The entries below contain pictures. Write out only the lines from the line with "New 2026 Chevrolet" up to and including the line with "O.VI.2 Viste Pastorali", exactly, without them.

(MATERIAL SHOWN Opens)

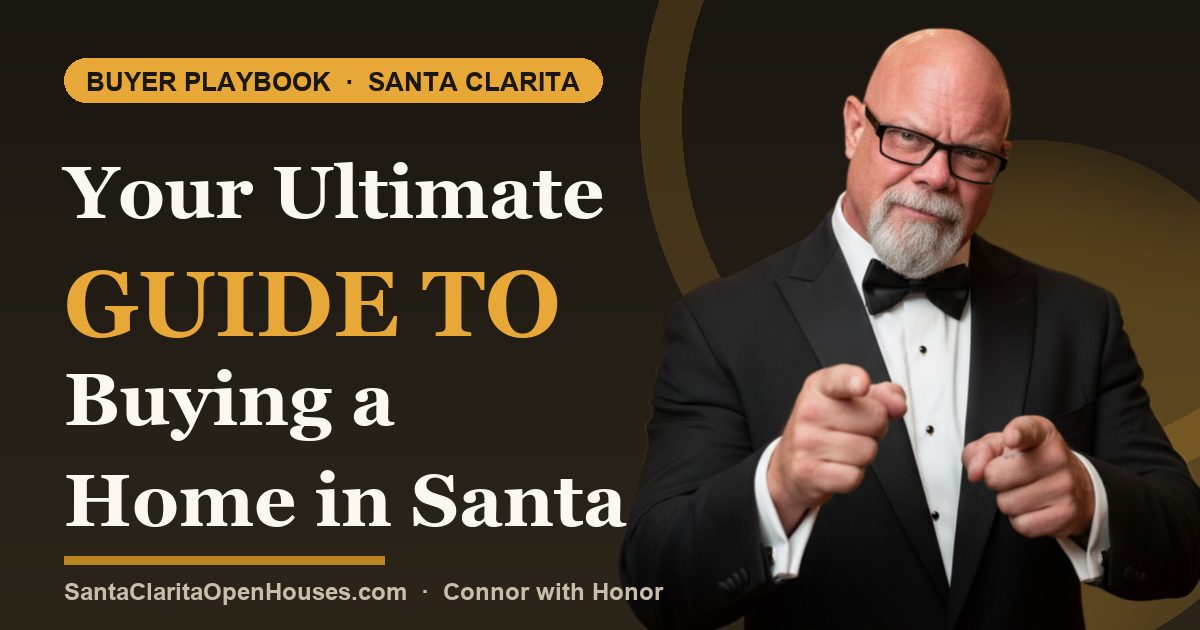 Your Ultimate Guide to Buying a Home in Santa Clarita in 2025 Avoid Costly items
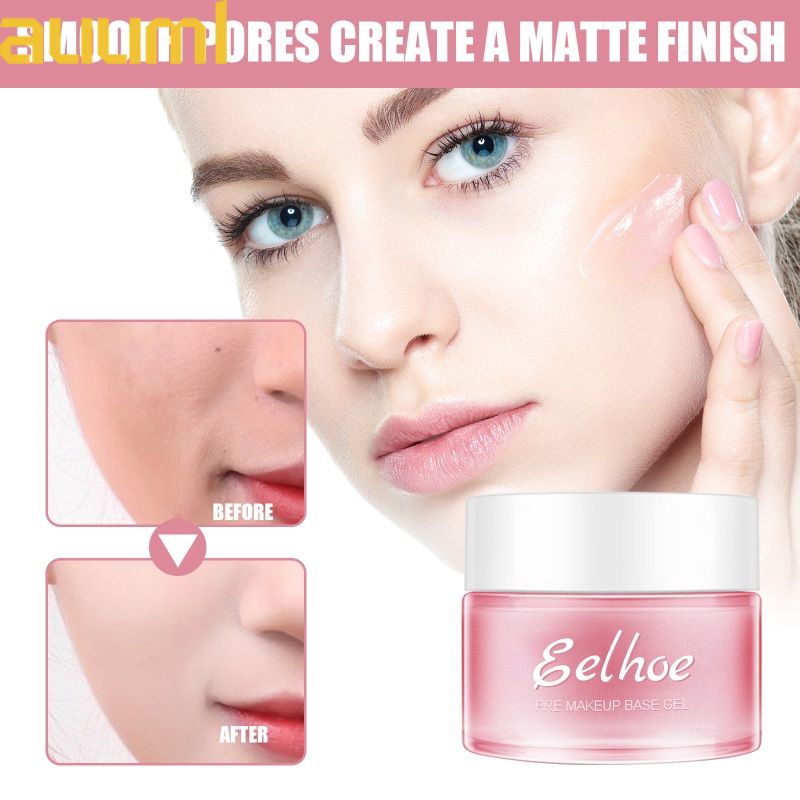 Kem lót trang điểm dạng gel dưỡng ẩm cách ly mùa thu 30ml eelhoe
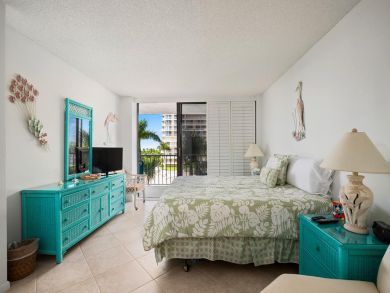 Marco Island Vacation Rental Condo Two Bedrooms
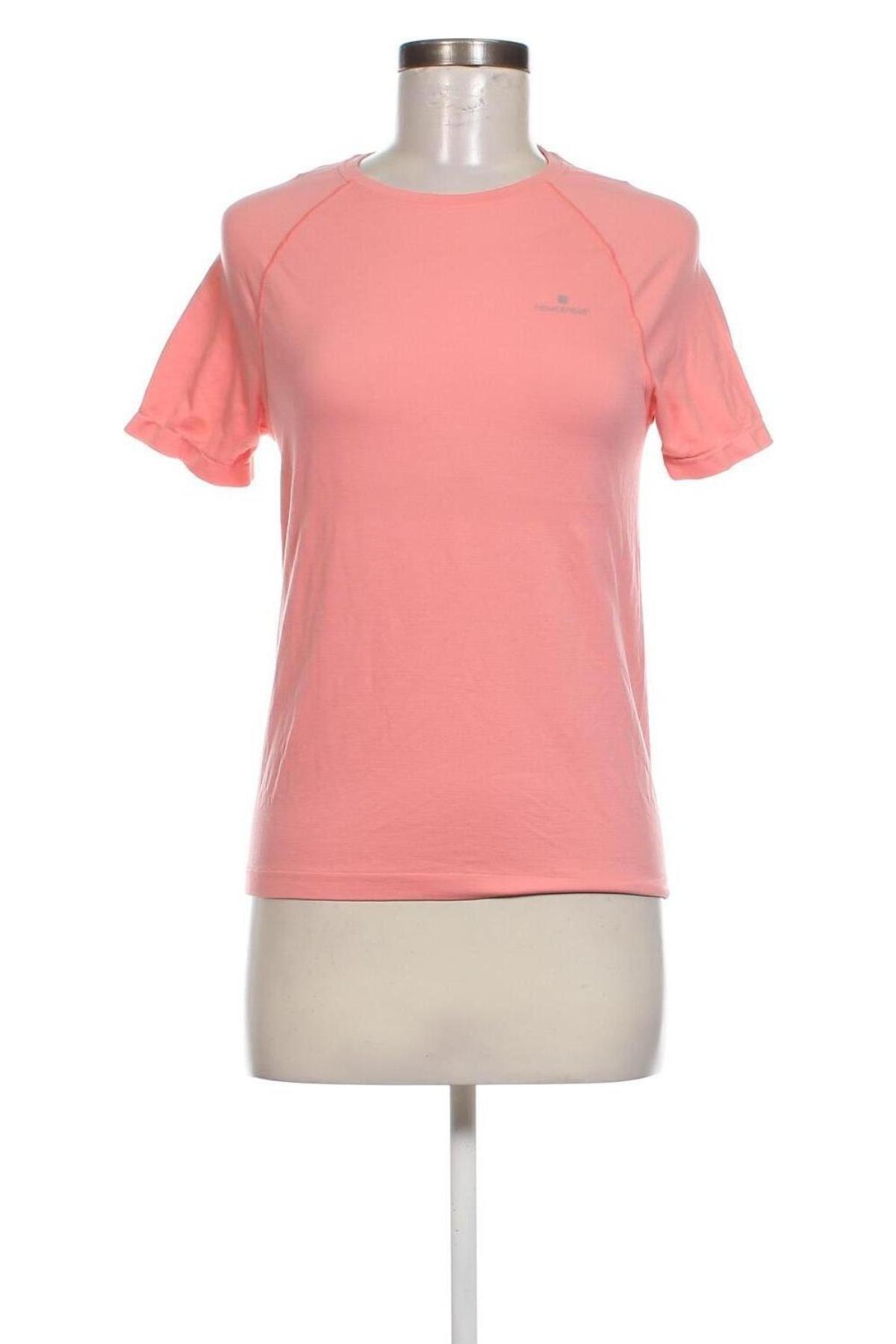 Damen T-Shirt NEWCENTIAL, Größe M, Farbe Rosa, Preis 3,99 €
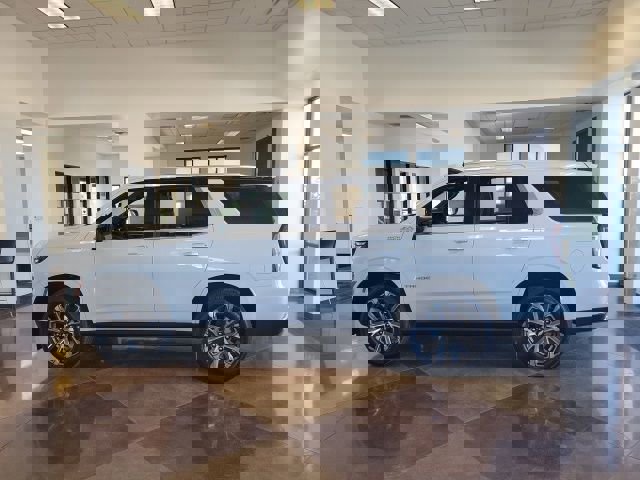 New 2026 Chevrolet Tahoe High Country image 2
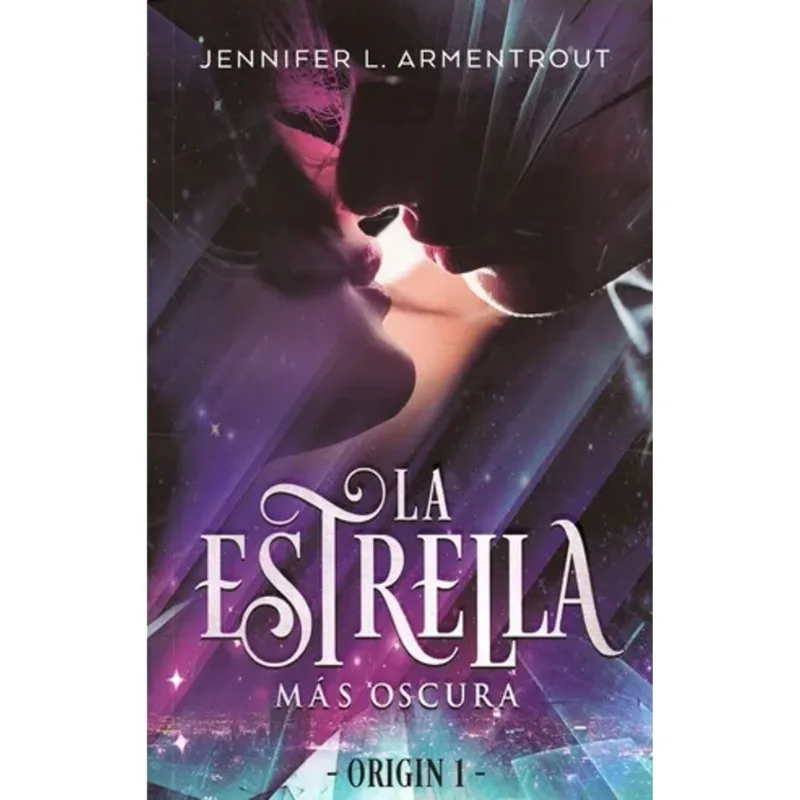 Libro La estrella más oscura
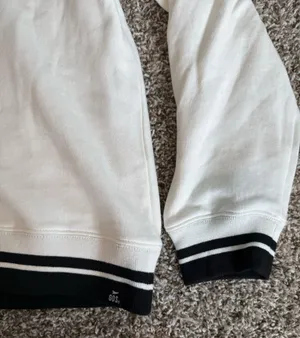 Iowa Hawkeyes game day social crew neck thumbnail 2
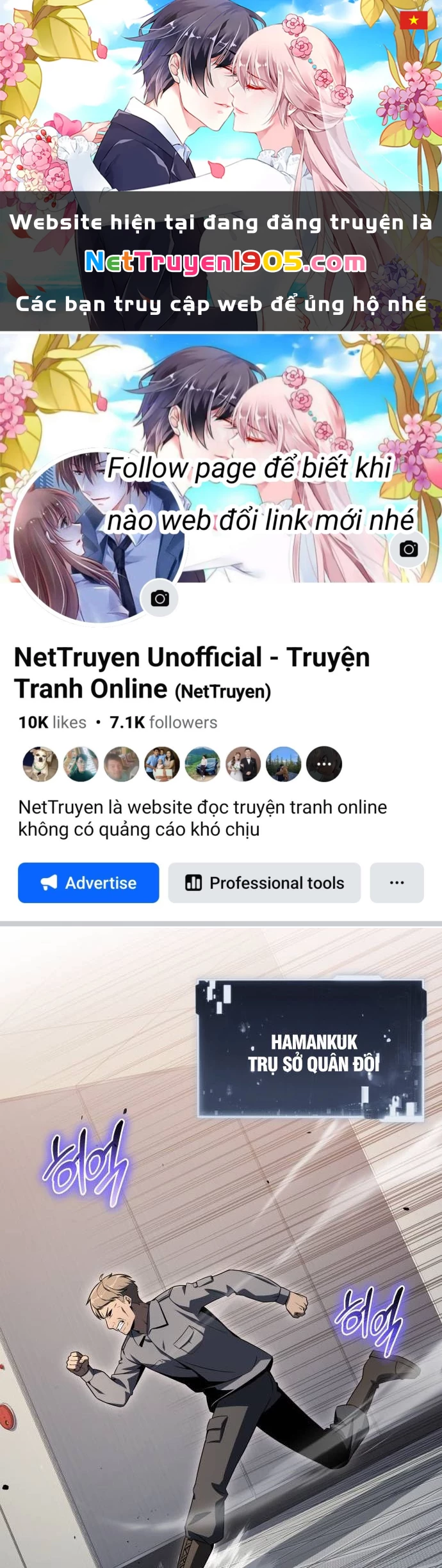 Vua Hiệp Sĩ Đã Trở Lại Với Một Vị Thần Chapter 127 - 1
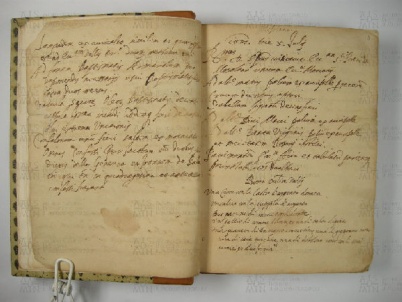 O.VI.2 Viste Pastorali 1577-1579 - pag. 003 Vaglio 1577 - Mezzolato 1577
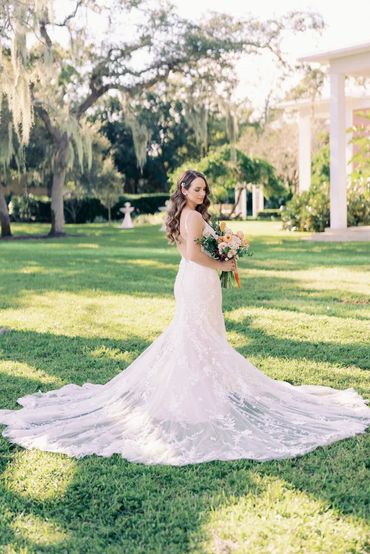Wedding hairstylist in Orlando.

(MATERIAL SHOWN Closes)

WRITTEN ANSWER —
 New 2026 Chevrolet Tahoe High Country image 2
 Libro La estrella más oscura
 Iowa Hawkeyes game day social crew neck thumbnail 2
 Vua Hiệp Sĩ Đã Trở Lại Với Một Vị Thần Chapter 127 - 1
 O.VI.2 Viste Pastorali 1577-1579 - pag. 003 Vaglio 1577 - Mezzolato 1577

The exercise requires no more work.